In nomine Domini Dei ac Salvatoris nostri Ihesu Christi. Rodulfus, divina ordinante providentia rex. Si petitionibus servorum Dei pro quibuslibet ecclesiasticis necessitatibus aurem serenitatis nostrae libenter accomodamus, id nobis et ad vitam mortalem temporaliter deducendam et ad aeternam feliciter obtinendam profuturum liquido credimus. Idcirco notum fore volumus cunctis fidelibus sanctae Dei Ecclesiae et nostris, praesentibus scilicet ac futuris, qualiter veniens Adelardus, episcopus ecclesiae Aniciensis seu Vallavensis, expetierit celsitudinem nostram, ut ecclesiam, cui, Deo ordinante, praesul esse dignoscitur, de rebus juris nostri accrescere sub nostrae praeceptionis authoritate dignaremur.

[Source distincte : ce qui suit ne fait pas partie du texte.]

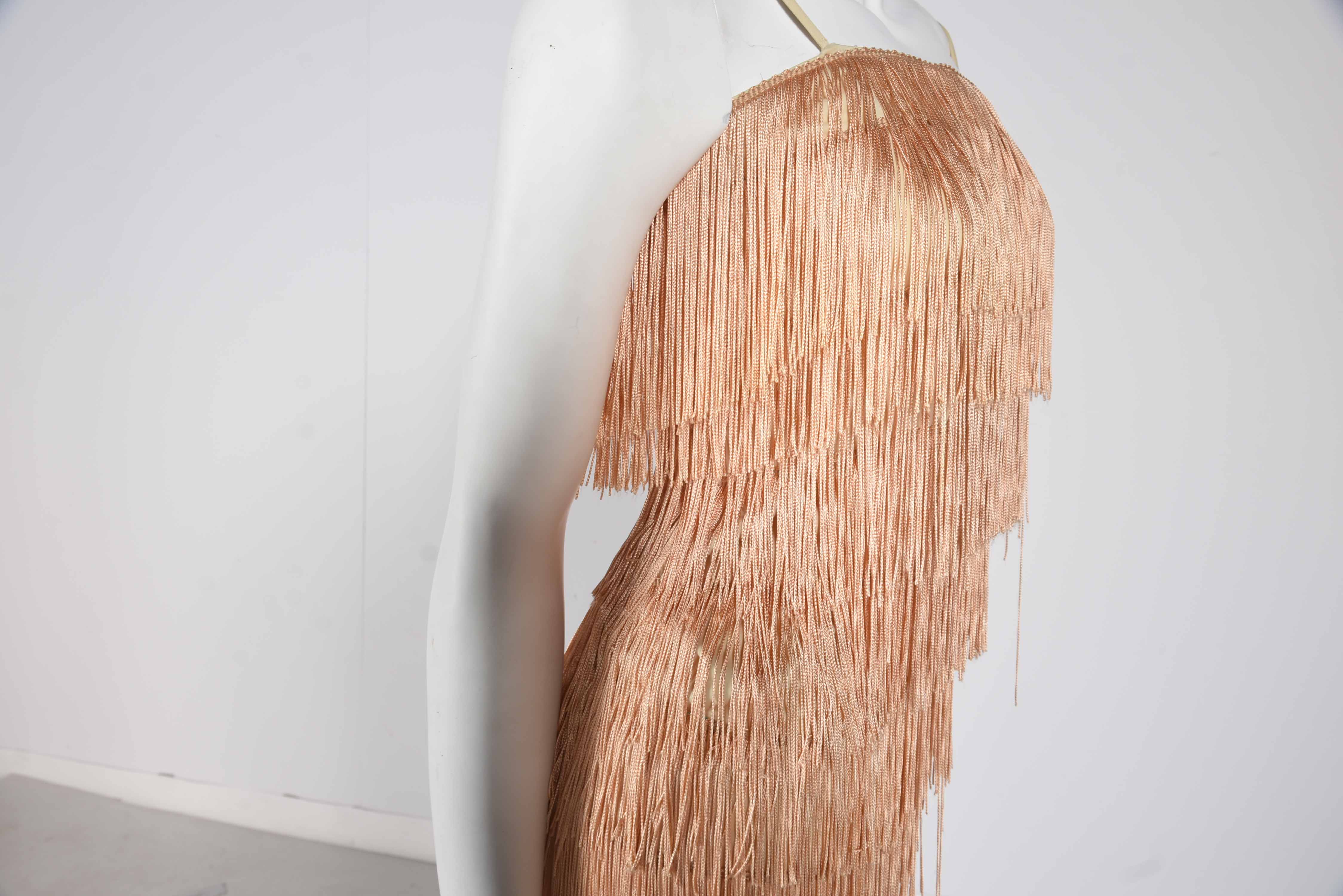 Vintage Style Peach Tone Flapper Dress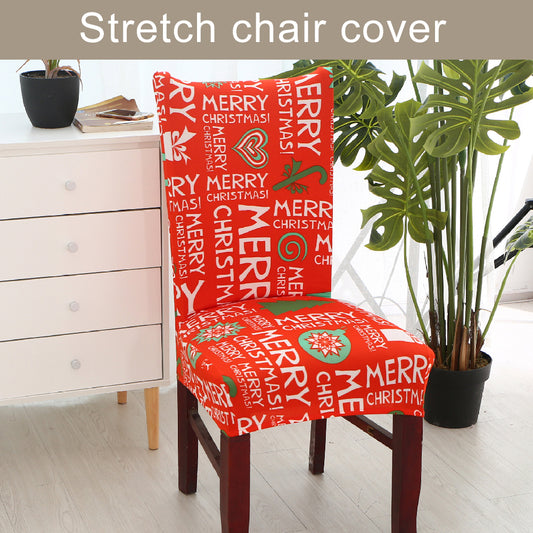 Christmas Snowflake Santa Elastic Stretch Seat Chair Cover Dining Room Decor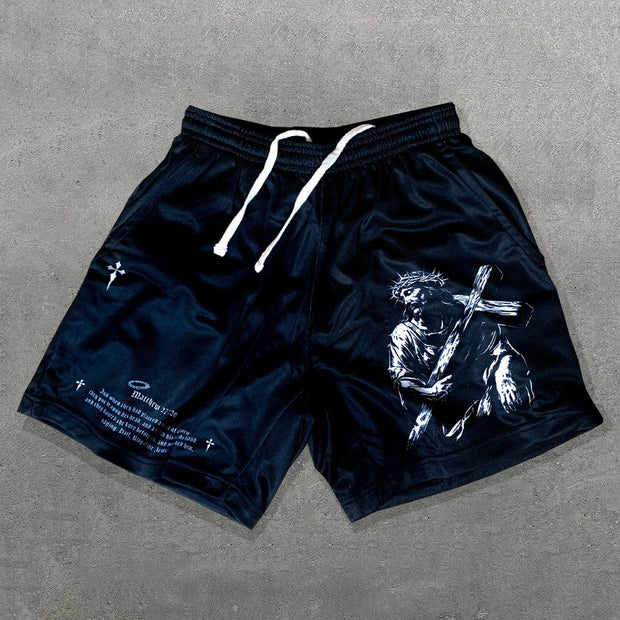 Matthew 27:29 Print Mesh Drawstring Shorts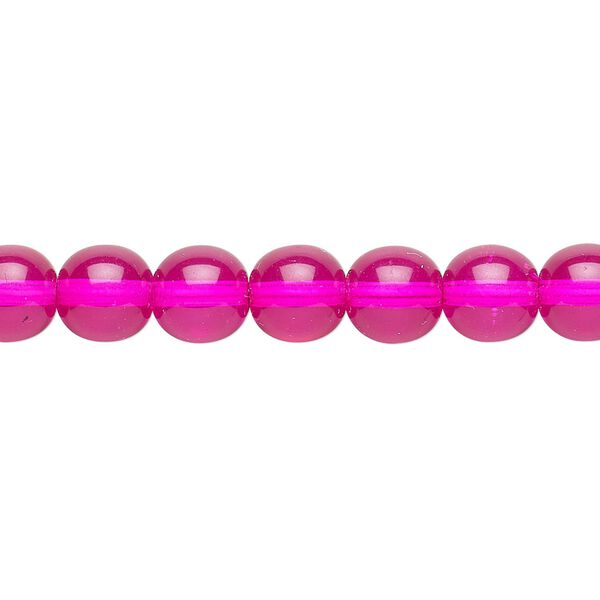 Bead, Czech dipped décor glass druk, hot pink, 8mm round. Sold per 15-1/2" to 16" strand. image number 0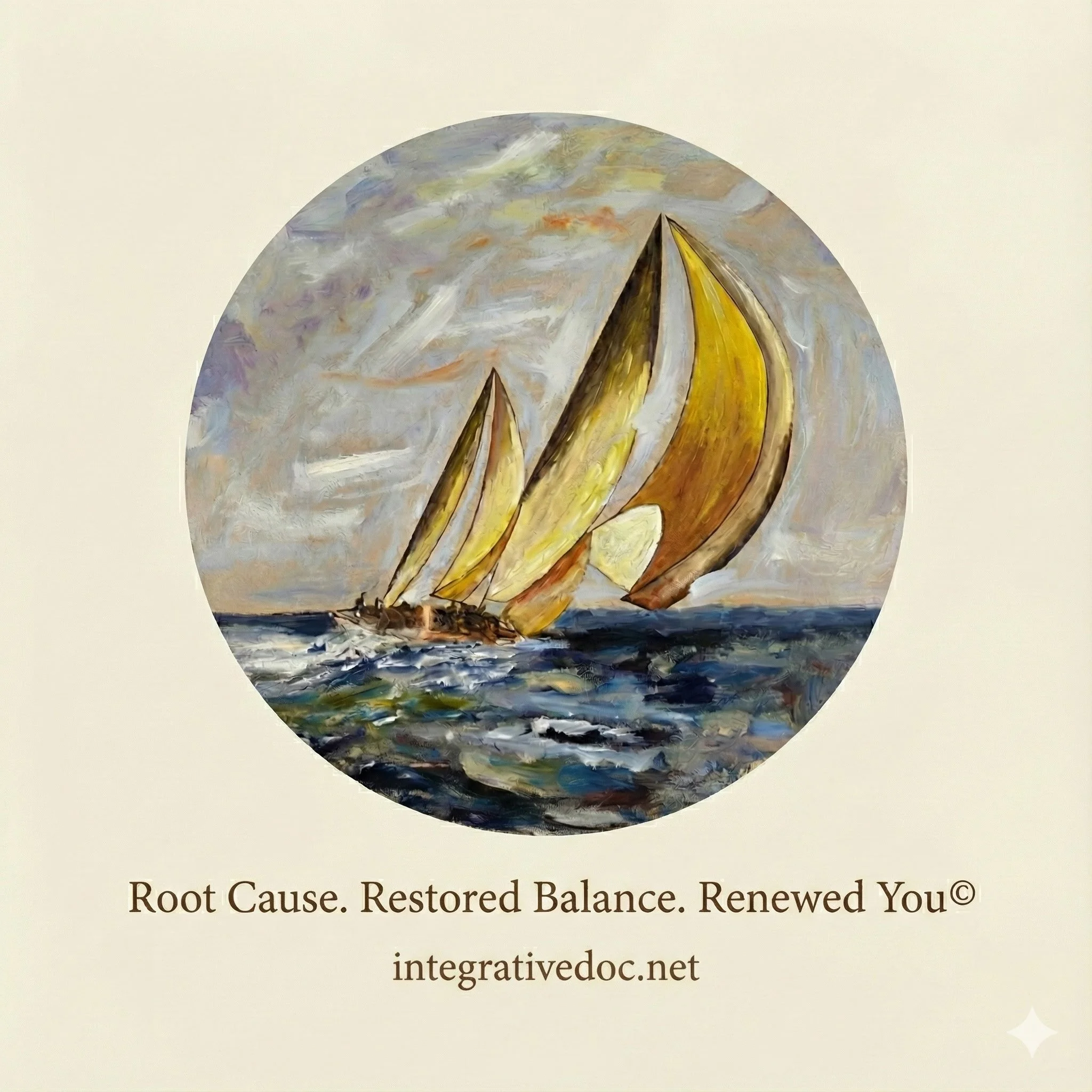 Poster with snowy mountain, sailboats on the water, and abstract background, promoting root cause restoration and balance in health.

Cujus petitioni benignum praebentes assensum, regium morem servantes, hoc praeceptum immunitatis fieri jussimus, concedentes ei omnibusque successoribus omnem burgum ipsi ecclesiae adjacentem, et universa quae ibidem ad dominationem et potestatem comitis hactenus pertinuisse visa sunt, forum scilicet, theloneum, monetam et omnem districtum, cum terris et mansionibus ipsius burgi. Et ita deinceps haec nostri praecepti authoritas, quem pro remedio animae nostrae, consentiente fideli nostro Guillelmo comite pro remedio animae Guillelmi avunculi sui atque omnium parentum suorum, Dei genitricis et perpetuae Virginis ecclesiae praedicto pontifici commissae concedimus, firmiter et inviolabiliter deinceps conservetur, ut nullus comes aut judex publicus aut aliqua saecularis potestas ibi audeat aliquam exactionem facere, neque mansionaticas aut pactiones aut aliquas redhibitiones exigere sine voluntate aut permissione episcopi qui ipsam tenuerit ecclesiam, sed omnia in potestatem episcopi redigantur, et ipse omnia, prout sibi recte placuerit, ordinet, teneat atque possideat. Ut autem haec authoritas firmior habeatur et a fidelibus sanctae Dei Ecclesiae futuris temporibus diligentius conserventur (sic), de annulo nostro subter jussimus sigillari.
Signum Rodulfi (Monogramma) regis gloriosi.
Urbaldus abbas ad vicem Ragenardi cancellarii recensuit.
Datum V idus aprilis, indictione X, anno primo regnante Rodulfo rege gloriosissimo. Actum Cabillone civitate. In Dei nomine feliciter. Amen.